As Bockscar approaches Kokura, they see a haze covering the city. The crew had specific orders that they have
to see their target to be able to drop the bomb on it.
NARRATOR: With visibility poor and their fuel running out, the crew must make a critical decision, abort the mission now or
keep flying and drop the bomb on a different target but risk running out of fuel. Determined to complete the
mission, the crew head toward a pre-assigned secondary target, the industrial city of Nagasaki.
JEFF
UNDERWOOD:
They turn toward Nagasaki, looking all the time at the fuel gauges, knowing they're running out of fuel.

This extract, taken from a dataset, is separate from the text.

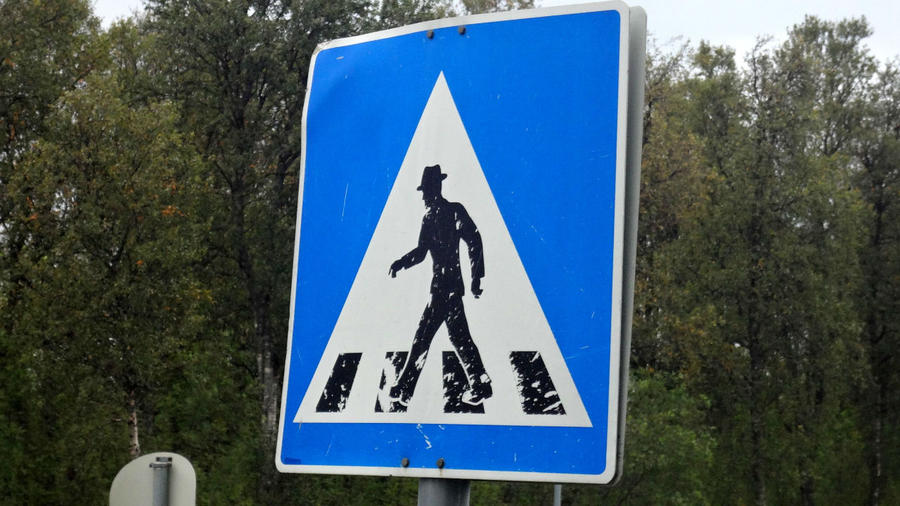 В Норвегии все пешеходы носят шляпу Тромсё, Норвегия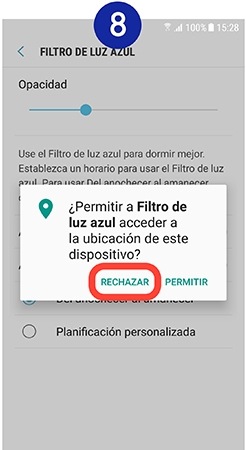 Presionamos sobre “Rechazar” si no deseamos activar la ubicación del dispositivo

NARRATOR: This fateful decision will reshape the history of the world. But as Bockscar approaches the city, a new problem
arises. Nagasaki is also shrouded in clouds.
With their fuel running out, the crew cannot wait for the conditions to clear. It appears the mission is over. But
just at the very last moment, the bombardier sees a break in the clouds.
JEFF
UNDERWOOD:
Lady luck finally throws the dice in his way and he could see the city. The moment is right. The time cannot pass.
They cannot wait.
NARRATOR: Bockscar drops the bomb.
JEFF
UNDERWOOD:
And they look back and they see the rising mushroom cloud. They know they've done their job. The mission is
complete.
NARRATOR: When Bockscar touches down, it has just seven gallons of fuel to spare. Six days later, the Japanese surrender.
JEFF
UNDERWOOD:
The crew of Bockscar brought an end to the Second World War.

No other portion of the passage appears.